Em 1940, a Itália declarou guerra aos Aliados e os britânicos começaram a se mover. Após meses de defesa contra os italianos, os ingleses baseados no Cairo criaram a Força A. Esta era um grupo especializado em técnicas de espionagem e engano para combater o inimigo de forma não convencional: espalhando rumores sobre unidades aerotransportadas fictícias, vazamentos de informações falsas, transmissões de rádio enganosas e até soldados em uniformes britânicos circulando por cidades como Alexandria ou Port Said. O objetivo era confundir os italianos e mantê-los sem saber o que os ingleses estavam planejando.
Operação Guarda-costas. Um dos membros dessa Força A era Victor Jones, engenheiro que havia participado de operações com tanques falsos e, quando a situação se tornou mais crítica, foi ele quem inspirou uma das ações realizadas na Operação Guarda-Costas. Em julho de 1943, os Aliados começaram a planejar a libertação da Europa do domínio nazista, sendo essencial que um grande contingente de tropas britânicas e norte-americanas fossem enviadas da Inglaterra. Isso levaria às operações aerotransportadas aliadas e aos famosos desembarques na Normandia, mas as tropas nazistas precisavam ser despistadas.
Em meio às ações da Força A e observando a defesa de Hitler na parte ocidental da Europa, com dois grupos de exércitos posicionados na França para o caso de tropas aliadas serem lançadas de pára-quedas, os aliados decidiram recorrer ao engano. A atenção das tropas alemãs precisava ser desviada dos verdadeiros pontos de ataque. Os Aliados deixaram claro que a Normandia seria o local da invasão, mas precisavam fazer os alemães acreditarem que era apenas uma distração, e que a invasão começaria em outro local. Dentro da Operação Guarda-Costas, a Operação Fortaleza teve um papel fundamental no desembarque.
Artistas na guerra. A ideia era enganar o aparato de inteligência alemão criando distrações e enganos em grande escala. Quando necessário, tanques, aviões ou navios falsos eram produzidos, para os quais eram necessários soldados de diferentes habilidades. Os aliados recrutaram atores, engenheiros, arquitetos e pintores de escolas de arte e agências de publicidade. Ao todo, eram 1.100 soldados, o que pode parecer pouco em um conflito como esse, mas foi suficiente para executar o plano de “fraude”. Eles eram conhecidos como 23º Quartel-General das Tropas Especiais, também chamados de ‘Exército Fantasma’.

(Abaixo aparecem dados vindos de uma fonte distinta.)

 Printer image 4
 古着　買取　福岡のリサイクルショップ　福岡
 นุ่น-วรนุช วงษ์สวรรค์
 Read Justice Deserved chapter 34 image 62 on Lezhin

O objetivo era fazer com que as forças nazistas acreditassem que havia duas divisões com 30 mil homens cada, algo que não diferia muito das técnicas antigas ou do que os EUA estão tentando desenvolver atualmente: um drone capaz de enganar os radares inimigos, simulando uma frota de navios ou unidades terrestres.

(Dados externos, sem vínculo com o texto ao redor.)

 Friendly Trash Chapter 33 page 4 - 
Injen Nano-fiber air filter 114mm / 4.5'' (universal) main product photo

Cercas infláveis. Durante a operação, várias práticas de confusão foram realizadas, mas uma das mais marcantes foi a utilização de tanques infláveis. Ver fotos desses tanques sendo erguidos por soldados pode parecer curioso, e obviamente de perto eles não enganariam ninguém. No entanto, eram feitos com qualidade suficiente para enganar o inimigo à distância. Por exemplo, os transportes marítimos posicionados em certos pontos da Inglaterra pareciam bastante falsos, mas os aviões nazistas não conseguiam descer o suficiente para inspecioná-los em detalhes.

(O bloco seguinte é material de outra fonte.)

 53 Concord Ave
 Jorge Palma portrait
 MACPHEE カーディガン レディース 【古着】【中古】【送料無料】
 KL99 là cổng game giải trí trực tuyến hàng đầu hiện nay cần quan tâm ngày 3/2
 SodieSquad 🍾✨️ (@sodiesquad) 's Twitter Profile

O Exército Fantasma criou tanques, canhões, jipes, pequenos aviões e caminhões inflados com compressores de ar. Depois de montados, eles eram camuflados, mas não de forma perfeita – a intenção era fazer os alemães acreditarem que algo estava sendo preparado no local. Além disso, criaram aeródromos fictícios, tropas de infantaria (roupas penduradas como espantalhos) e baterias de artilharia. De tempos em tempos, uma unidade real era introduzida para tornar o estratagema mais convincente. Alguns membros dessa unidade se tornaram pintores ou designers após o fim da guerra.
Guerra audiovisual total. Outra divisão importante foi a 3132 Signal Service Company, responsável por complementar o engano. Enquanto a unidade 603 lidava com a parte visual, agora era hora de entrar com o som. Com o auxílio dos engenheiros da Bell Labs, foram gravados sons de tropas reais (infantaria e blindados). Essas gravações eram reproduzidas em alto-falantes potentes posicionados em veículos de meia pista para espalhar os sons.
Com um alcance de cerca de 24 quilômetros, os alemães não precisavam estar próximos da isca para acreditar que havia um grande número de tropas inimigas por perto. Além das gravações, foi utilizado um rádio falso com operadores transmitindo mensagens falsas aos nazistas. Eles estudaram as mensagens em código Morse das operadoras alemãs para imitar o estilo de digitação, de modo que os destinatários não desconfiassem de nada.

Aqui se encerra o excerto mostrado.